• **Task**
Pictures excluded, set down exactly the lines from the one containing "Giacca monopetto nera Blazer MARTINI" through the final line of the material, and only those.
------------------------------------------------------------
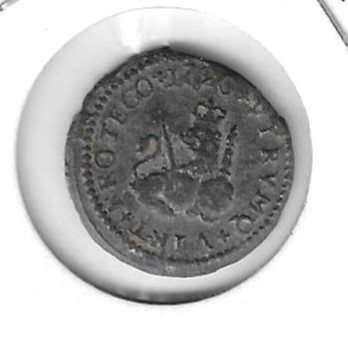 Monedas - EspaÃ±a - Felipe V (1700 - 1746) - 45 - 1720 - maravedi - Barcelona - Click en la imagen para cerrar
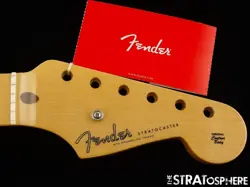 USA FENDER CUSTOM SHOP 70TH ANNIE 54 STRAT NOS NECK, MAPLE.
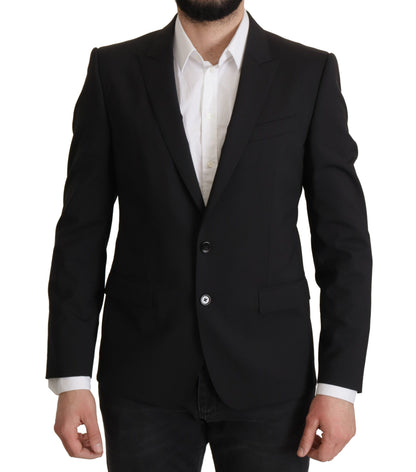 Giacca monopetto nera Blazer MARTINI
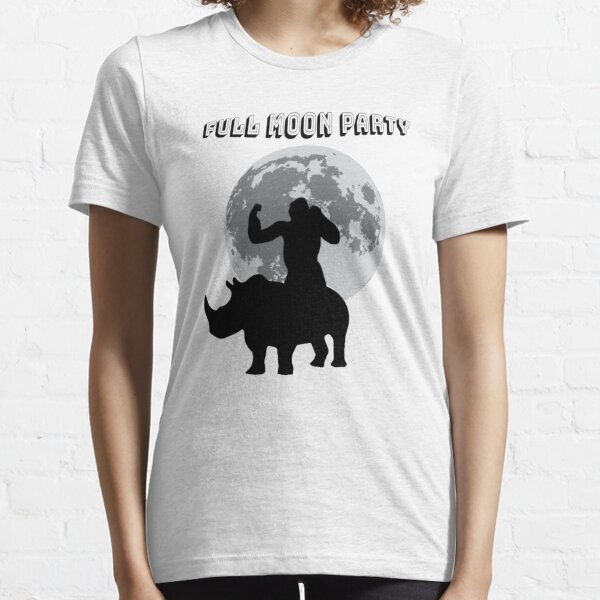 T Shirts Full Moon Party Redbubble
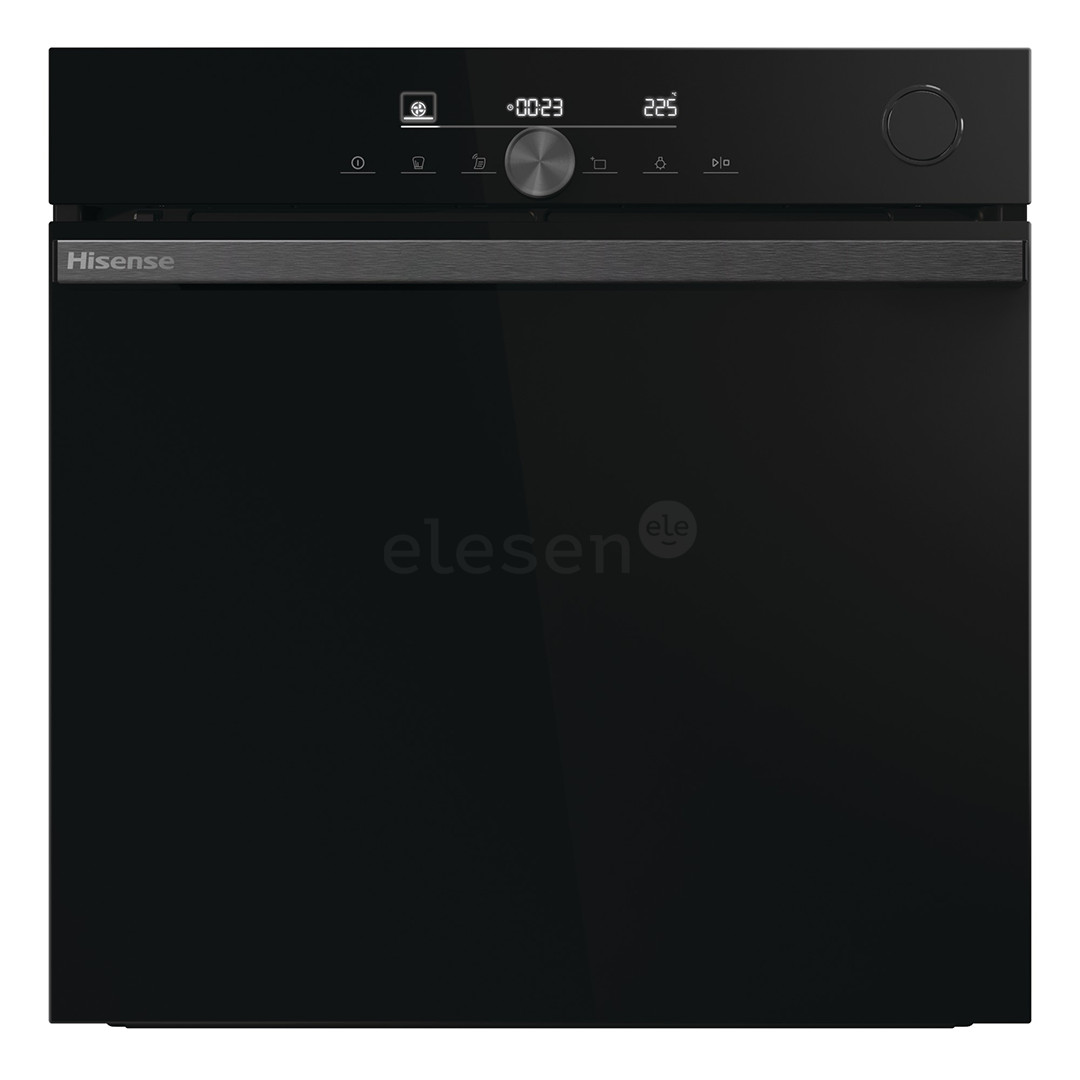 Hisense, 77 L, pirolizė, juoda - Įmontuojama orkaitė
------------------------------------------------------------
• **Answer space**
 Giacca monopetto nera Blazer MARTINI
 T Shirts Full Moon Party Redbubble
 Hisense, 77 L, pirolizė, juoda - Įmontuojama orkaitė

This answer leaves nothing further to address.